Prada's HK IPO retail demand off to slow start on tax concerns

City A.M. Reporter
Milan-based fashion house Prada has got off to a slow start for the retail portion of its up to $2.6bn (£1.6bn) Hong Kong IPO, with some investors put off by having to pay Italian capital gains tax, brokers said on Wednesday.

Retail investors are lively players in Hong Kong initial public offerings, especially for popular consumer brands, and usually about ten per cent of shares in IPOs are set aside for them.

However, demand for Prada's retail offering has been tepid, with brokers blaming the 12.5 per cent capital gains tax payable in Italy as the main culprit.

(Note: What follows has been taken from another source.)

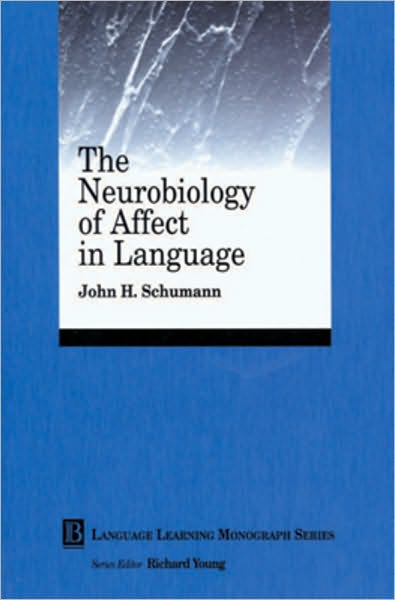 The Neurobiology of Affect in Language Learning - Language Learning Monograph - Schumann, John H. (University of California at Los Angeles, USA) - Books - John Wiley and Sons Ltd - 9780631210108 - May 28, 1999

Many investors have withdrawn margin financing orders to buy Prada shares, several retail brokers in Hong Kong told Reuters.

"We received little demand from our (retail) clients for the (Prada) shares. It might be the 12.5 per cent tax that scared them away and the pricing itself was expensive when it compared with its peers," said Alfred Chan, chief dealer at Cheer Pearl Investment.

"Unlike institutions, our retail clients hold the shares for a much shorter term," he added.

Prada, known for its leather handbags, brightly-coloured shoes and long boots, has drawn stronger interest from fund managers wanting exposure to the company's strong growth prospects, particularly in Asia.

A source told Reuters earlier this week that the institutional portion of the offer had been five times subscribed despite criticism over its rich pricing.

Bright Smart Securities has seen margin finance demand plunge to HK$50m (£3.9m) yesterday from HK$100m on Monday.

Phillip Securities has seen orders drop to HK$17m today from HK$45m on Monday. Haitong Securities, though, has seen a slight pick up, with orders edging to HK$13m on Tuesday from HK$10m on Monday.

Margin financing at the three brokers totalled $10.3 million, compared with about $260 million worth of shares available under Prada's retail offer.

IPOs in hot demand tend to draw large volumes of margin financing as investors put in bids several times larger than what they actually want to purchase in the hopes of securing some portion of the offering.